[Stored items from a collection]
::::::

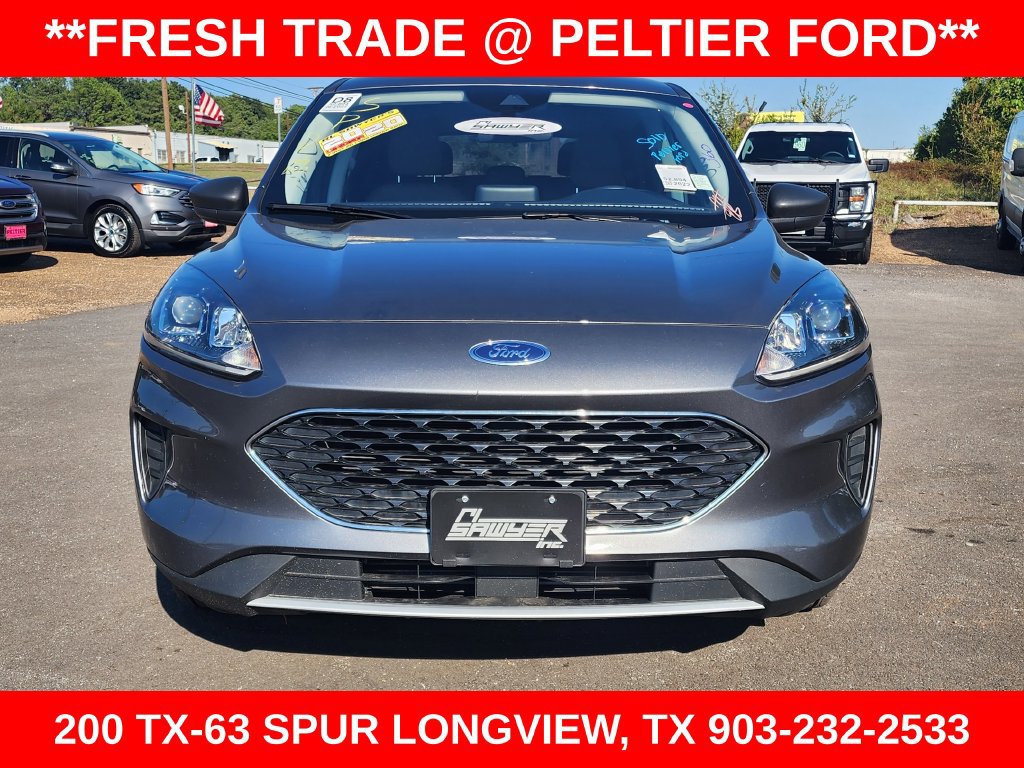 Used 2022 Ford Escape SE w/ Convenience Package FWD image 3
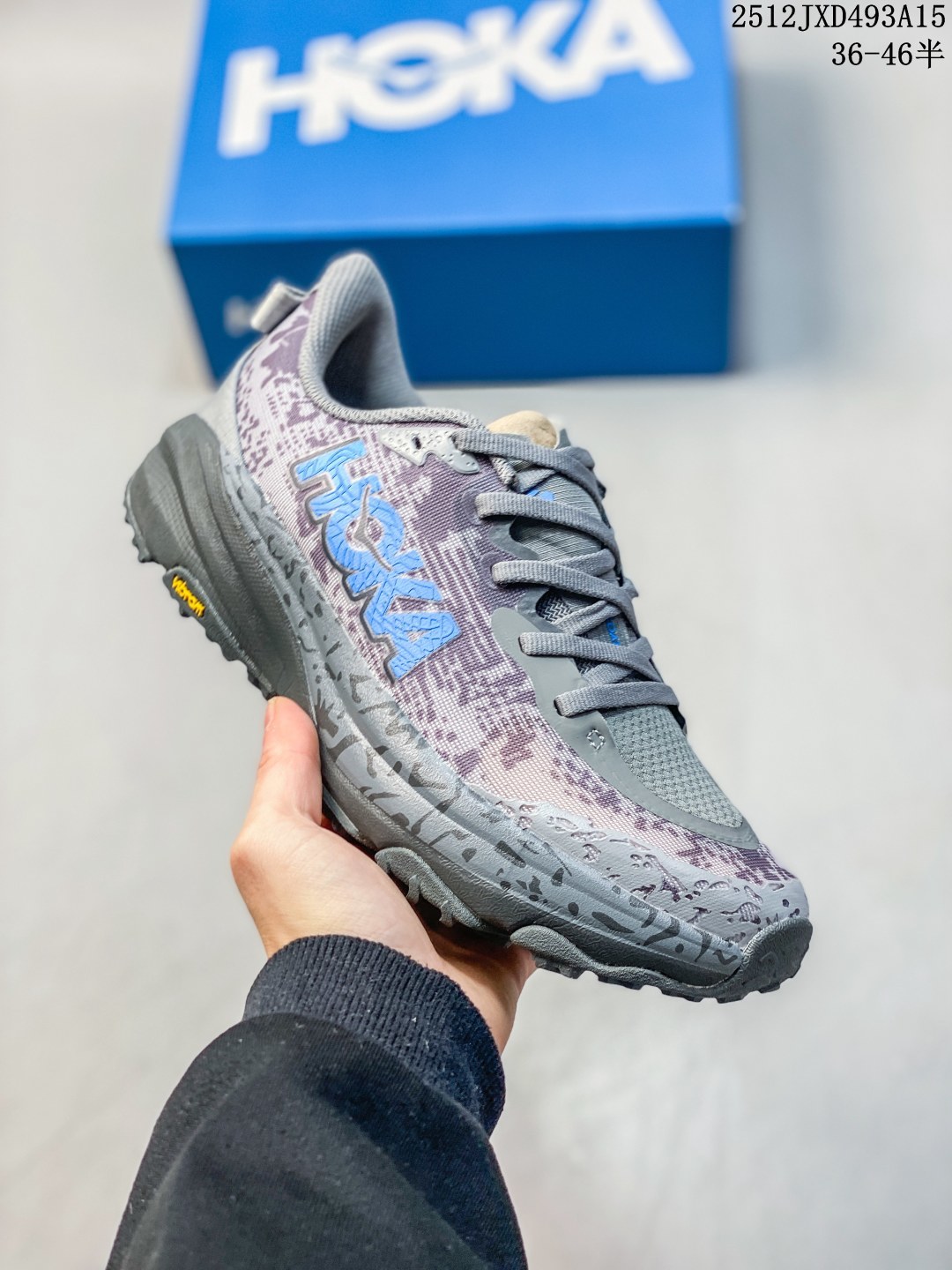 💰140
Hoka One One男女运动鞋，Mafate Speed 4 系列 飞速马法特4 减震回弹透气越野跑鞋。MafateSpeed 4 是需要舒适性和多功能性的小径的绝佳选择。上侧是提花网，其厚度足以抵抗污垢，无需任何额外的覆盖层。脚趾上方是透气、有弹性的网布，可让鞋面扩展以适应您的脚部。在此之下，ProFly中底在最靠近您的脚部放置了轻质泡沫，当您在坚硬的地面上跑步时，这会提高您的舒适度，而底层则足够坚固，可以在相当大的岩石上行驶并保护您的脚底。当您进入陡峭或泥泞的地形时，鞋子仍然闪闪发光。外底经过重新设计，脚下有更多橡胶。每个凸耳都有三个不同的层，为您提供大量锋利的边缘以紧贴地面。

类型：男女鞋
货号：1129930
尺码：36-45含半码
编码：12JXD493A15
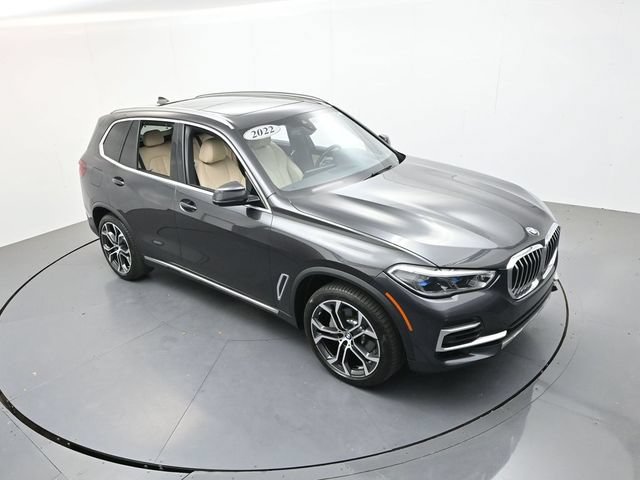 Used 2022 BMW X5 xDrive40i w/ Executive Package AWD/4WD image 41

::::::

> Task prompt: The answer must be an exact copy of the lines from the one containing "编码：12JXD493A15" through the last line of the records, and nothing else. Pictures do not belong in it.

> Result of this exercise:
编码：12JXD493A15
 Used 2022 BMW X5 xDrive40i w/ Executive Package AWD/4WD image 41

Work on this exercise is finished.